2005/3/11(金) 午後 1:13
某月某日 時計が午後10時を回った。そろそろ、座椅子でうたた寝をしている母を、おトイレへ連れて行き、洗顔し、歯磨きをさせて、寝床へいざなう時間だ。

「お袋ちゃん、お袋ちゃん、もう、寝よか?」

「うん、ここでとまるのん、イエかえりたいっ!」と、母。マンション生活は、母には馴染めないのだ。

「もう、イエかえろう?にいちゃん」

「ここが、お袋ちゃんの家やで」ゆっくり、納得させなければならない。

「ここどこやのんっ!」

「そやからな~、此処が、お袋ちゃんの家やんか~」と、やんわり。

「いやや、こんなとこ、しらん、わたしな~、さびしいねん、はよかえろうな~」

「忘れてしもうたんか、分かった、ほな、家帰ろうか?」これ以上、母を不安にしてはならないと判断。母の表情がそう言っているからだ。私は、母を座椅子から抱き起こし。

「外は寒いからこの服着よな」母にオーバーを着せ、玄関へ、ドアを開け、母の両手を手押し車に捕まらせ、リハビリシューズを履かせる。
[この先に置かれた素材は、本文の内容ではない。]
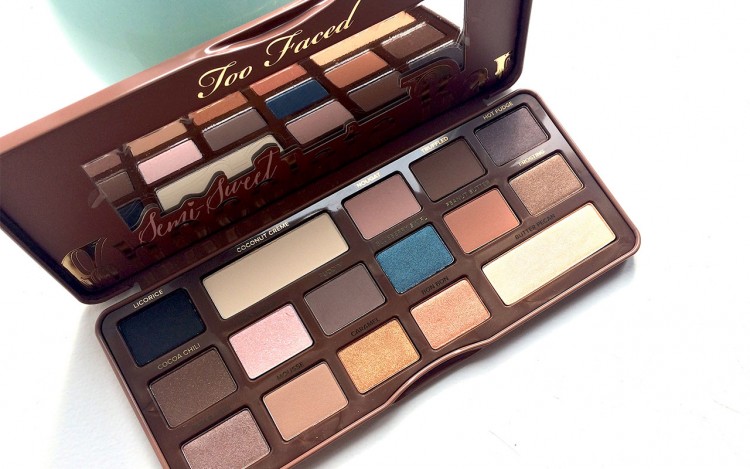 too_faced_semi-sweet_palette2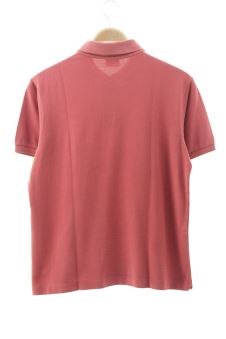 Polo M Lacoste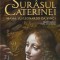 Surasul Caterinei. Mama lui Leonardo da Vinci &ndash; Carlo Vecce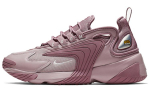 Nike Zoom 2K Plum Dust Naiste AO0354-500 40.5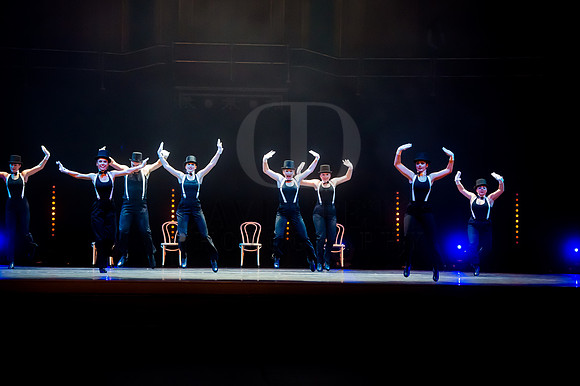 Dance Proms 2015-1239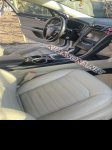 продам Ford Fusion в пмр  фото 2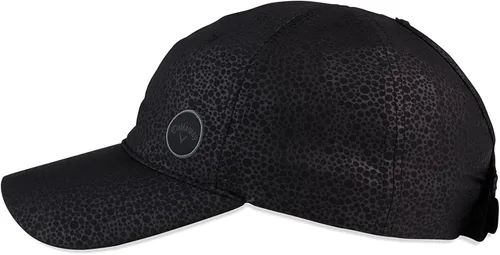 Vista 3 de Callaway Golf 2023 - Sombrero de cola alta para mujer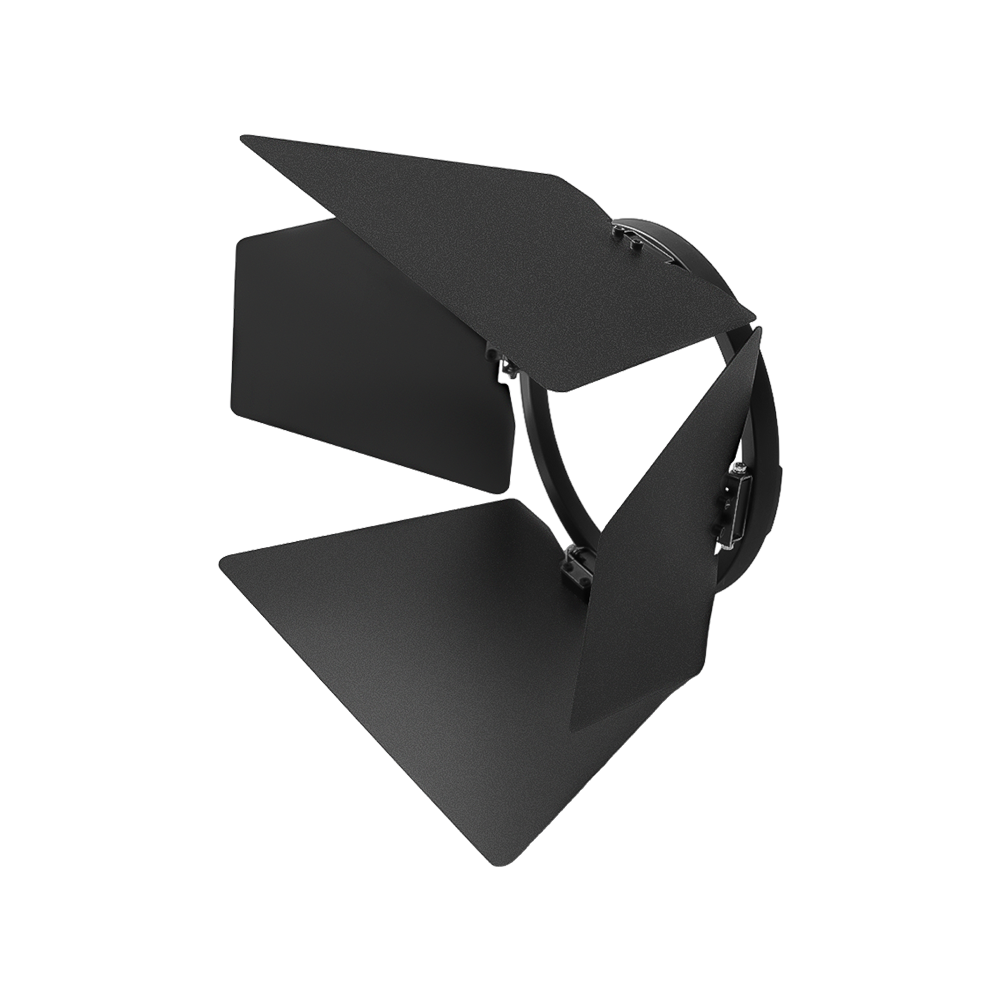 amaran Mini Fresnel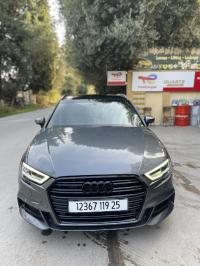 سيارات-audi-a3-2019-s-line-قسنطينة-الجزائر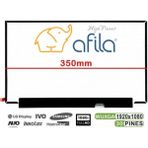 Afila Asus X509MA-BR310T, X509MA-BR330T Uyumlu Notebook LCD Ekran, Panel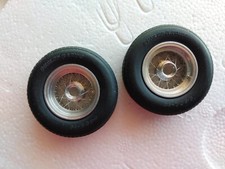 Cmc model parts d'occasion  Expédié en Belgium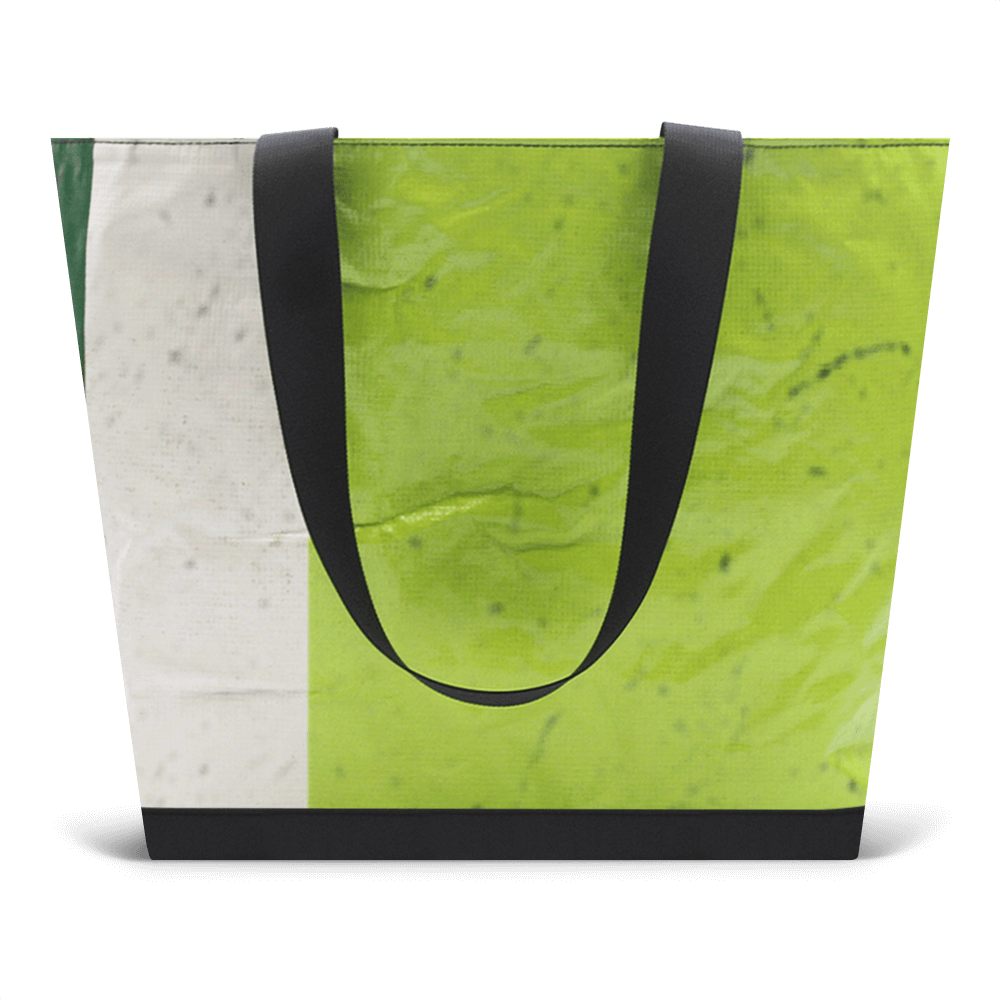 Blake Tote
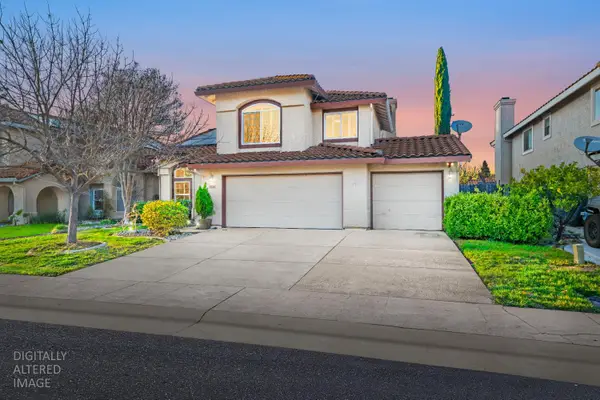 5116 Camden Road, Rocklin, CA 95765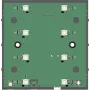 Theben iONprime PB KNX 2/4/8 pogu sensora bāzes vienība 4969301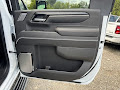 2026 GMC Sierra 2500HD AT4X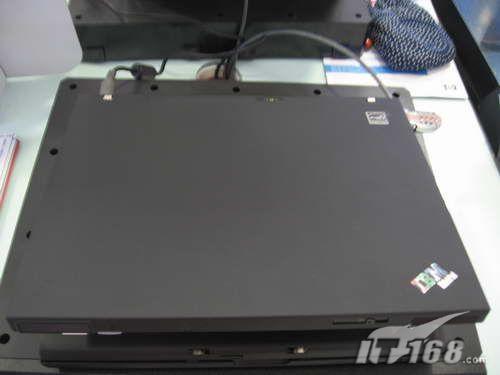 �����ˮThinkPadX61��ָ�Ʊ�����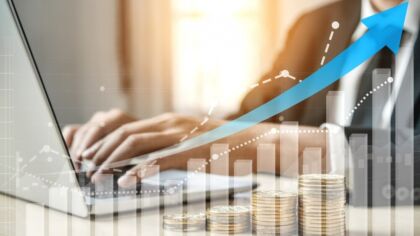 Krajowy System e-Faktur: Szkolenie dla Przedsiębiorców w Gminie Kotla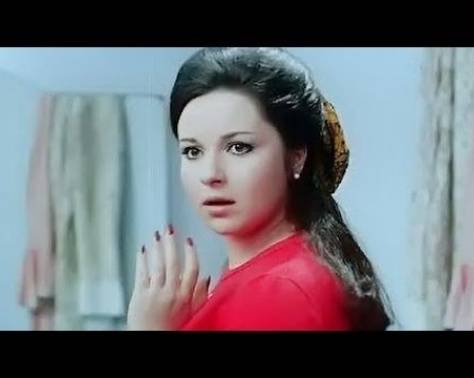 هل تذكرون  الفنانة المعتزلة نورا؟  شاهدوا كم تغيّرت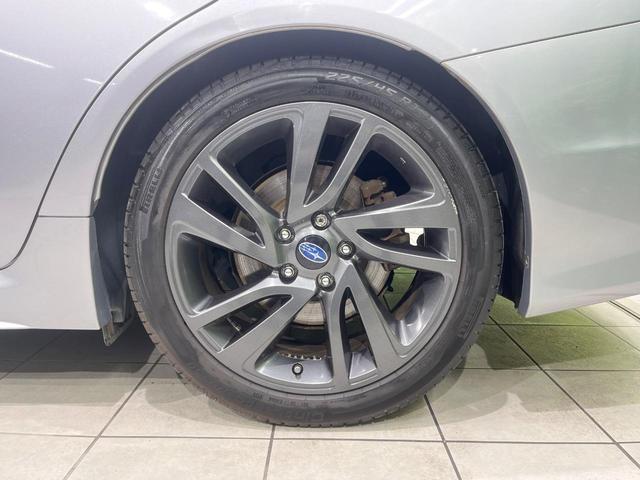 ＷＲＸ Ｓ４ ２．０ＧＴアイサイト　４ＷＤ　ターボ　純正ダイアトーンサウンドナビ　バックカメラ　衝突軽減装置　レーダークルーズ　禁煙車　ドラレコ　コーナーセンサー　スマートキー　ＬＥＤヘッド　ＥＴＣ　車線逸脱警報　デュアルエアコン（66枚目）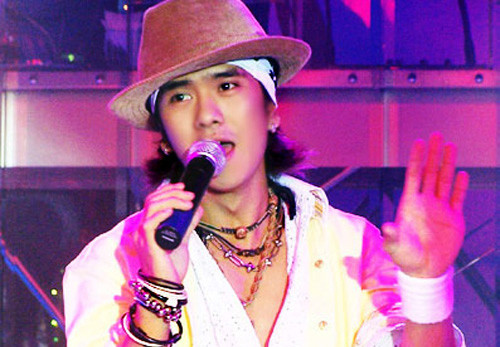 Nam ca sĩ Việt nổi tiếng một thời giờ đi làm 'cò đất', danh tính chẳng xa lạ Ảnh 5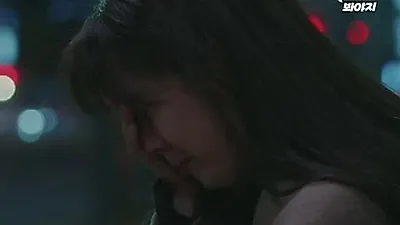 Seo Joo-hyun explores identity and loss in 'Hello Dracula'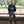 BUCK EM BRONC (Long-Sleeve)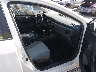 2T1BURHE4GC****** Usados y Reparables 2016 Toyota Corolla en Estado de Illinois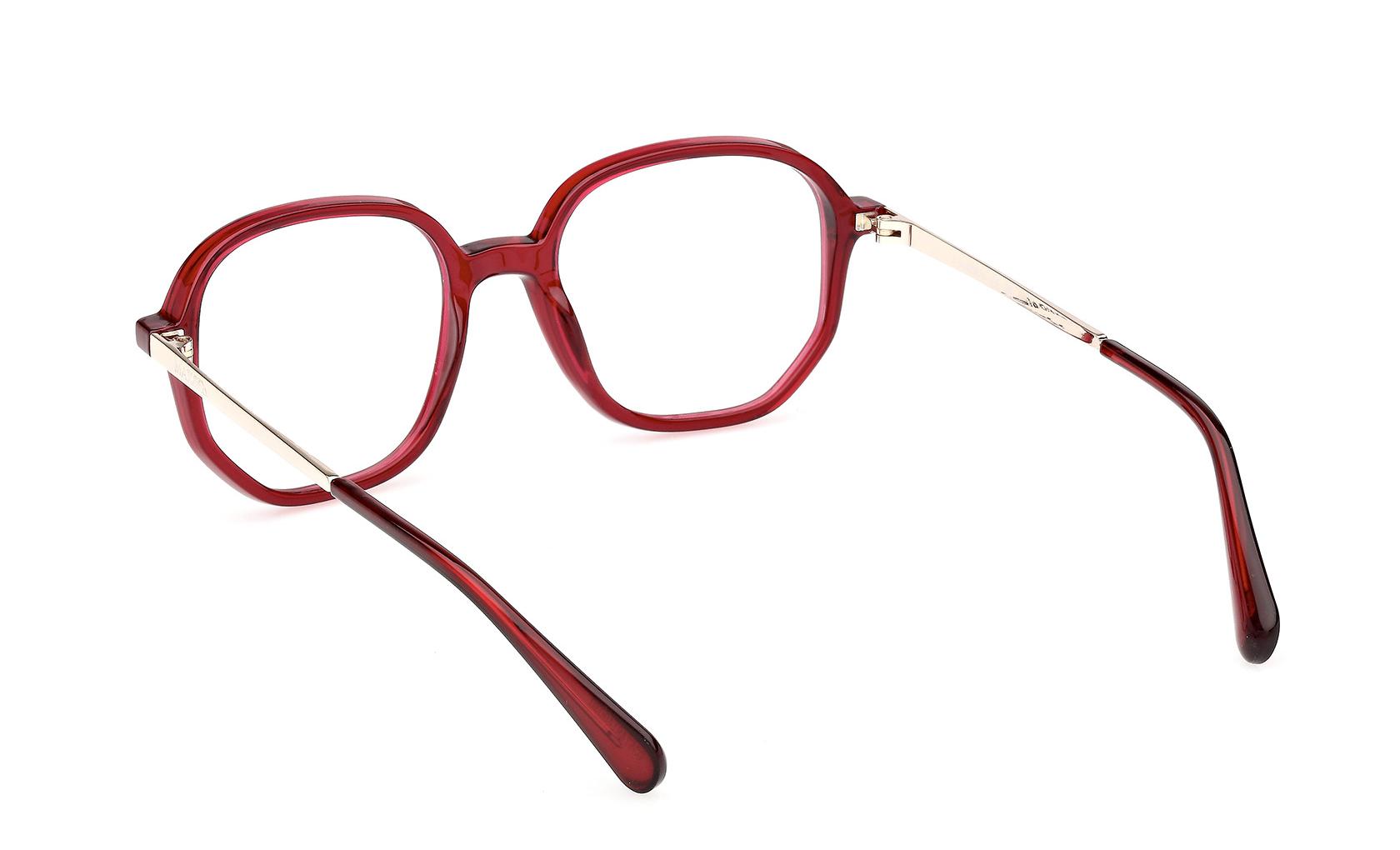 Max&Co Eyeglasses MO5199 069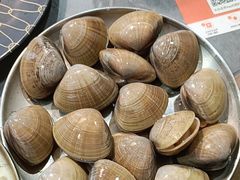 -小黑牛烤肉(聚隆店)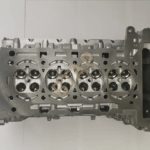 7580679 SİLİNDİR KAPAĞI ORJINAL S.1 F20 S.3 F30 N13 N18 BMW279555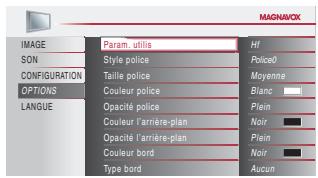 MAGNAVOX 22MF339B - DTV - 6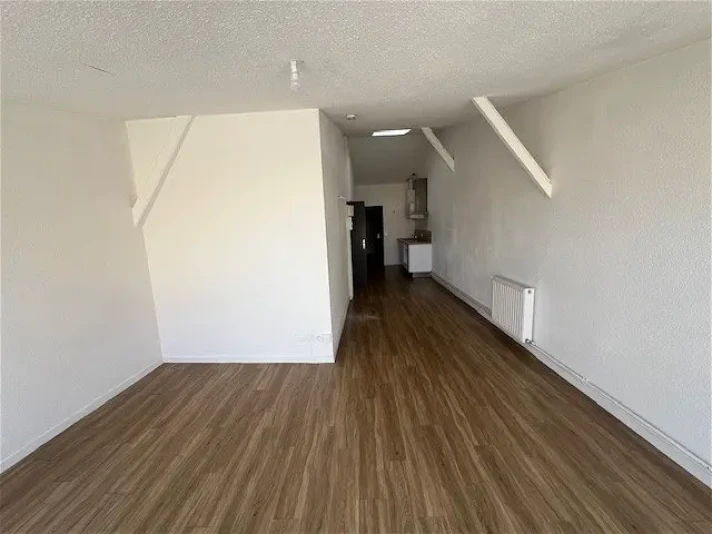 Voir la photo 1/9 du type apartment à Villeneuve-sur-Lot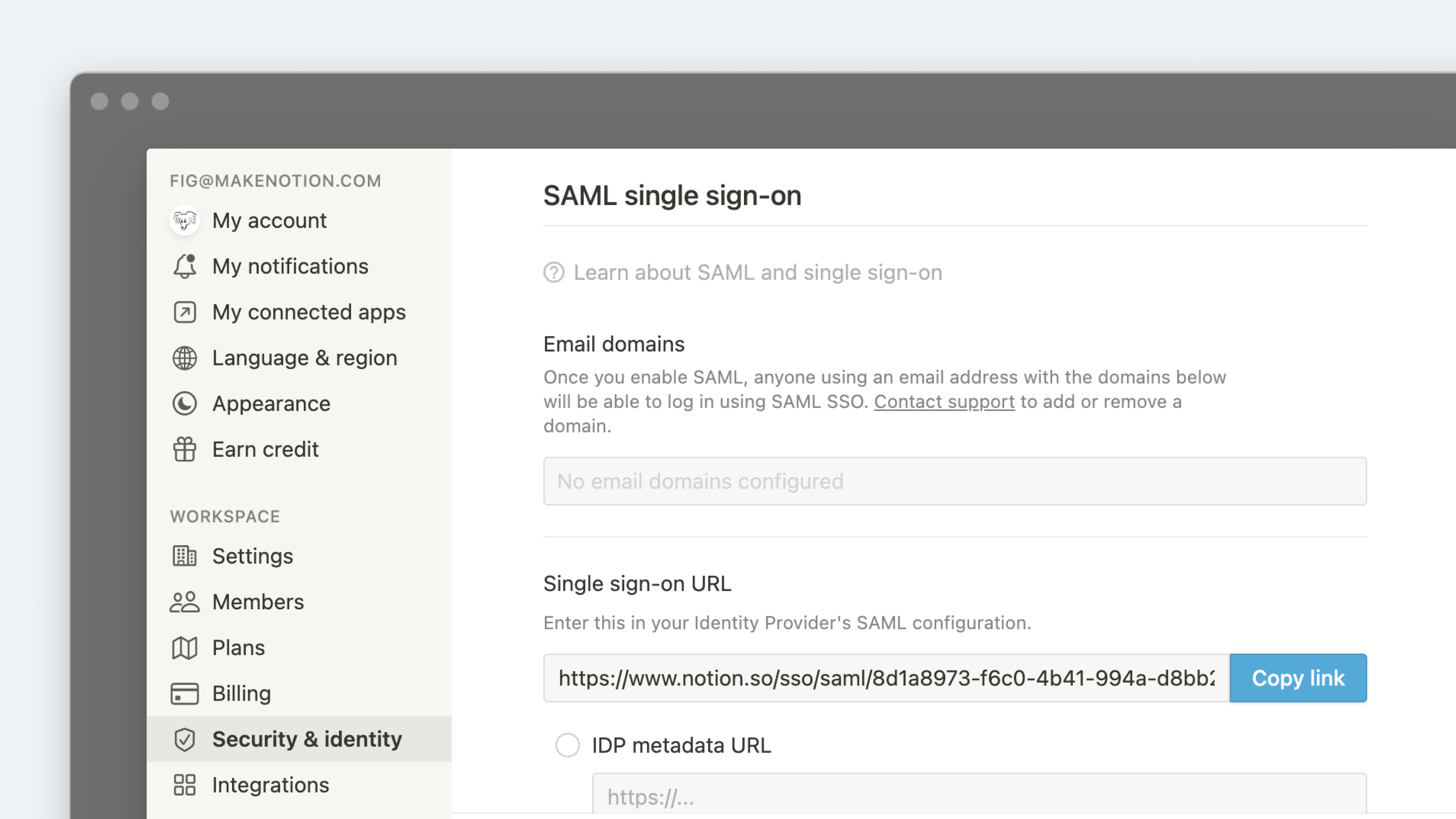 How To Implement Saml Sso In Java - Printable Forms Free Online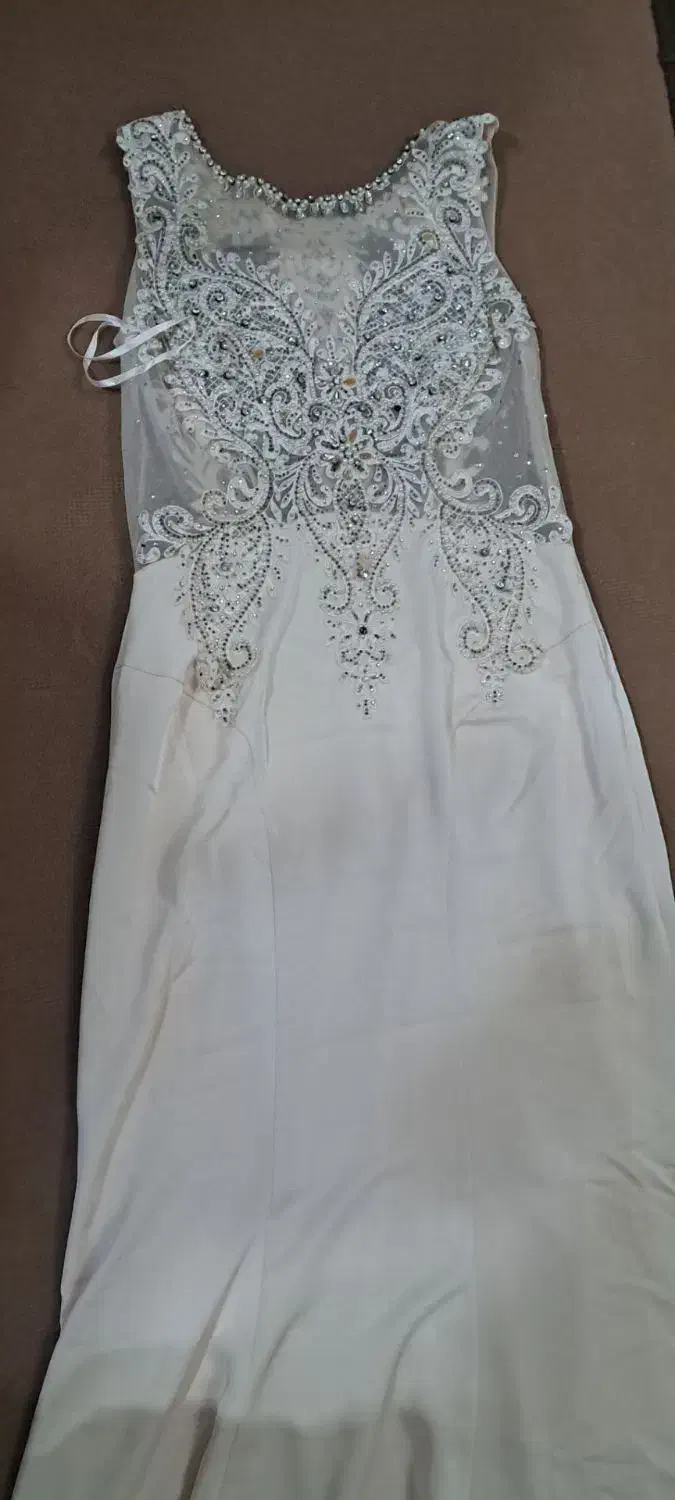 فروش لباس مجلسی|لباس|پارسآباد, |دیوار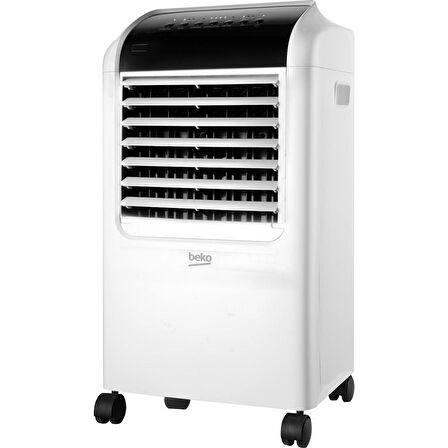 Beko AC 6030 Uzaktan Kumandalı İyonizer Hava Soğutucu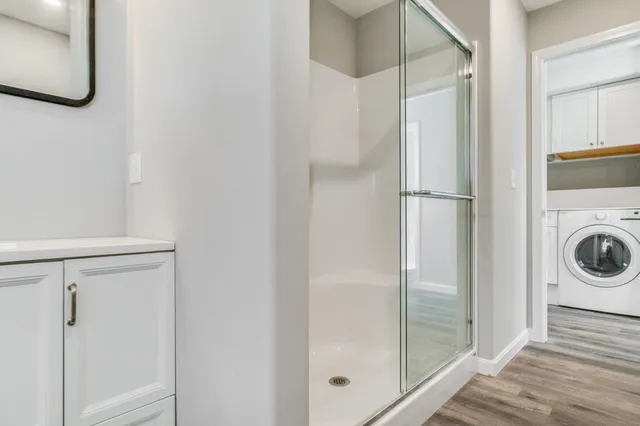 $599,900 | 17 Blue Rose Lane, Lebanon, ME 04027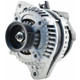 Purchase Top-Quality Remanufactured Alternator by WILSON - 90-29-5681 pa1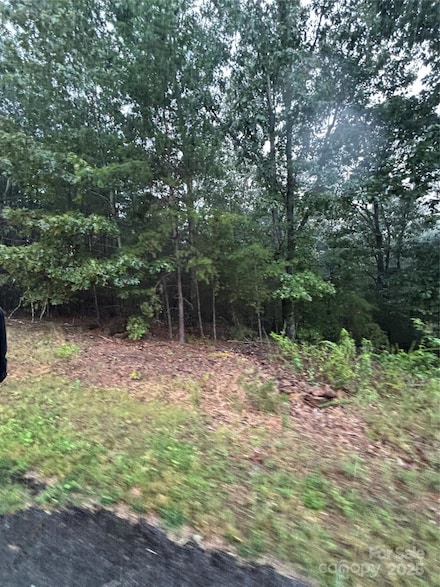 6440 Ridgeview Cir, Granite Falls, NC 28630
マンションの廊下に出る。エレベーターに乗せ1階のボタンを押し、階下へ降りる。1階のエントランスをぐるりと一回りして、再びエレベーターの前に戻る。

「さあ~、お袋ちゃん、これに乗って、家帰ろう~か!」

「これにのったら、イエにかえれるのん?」母の表情が明るくなる。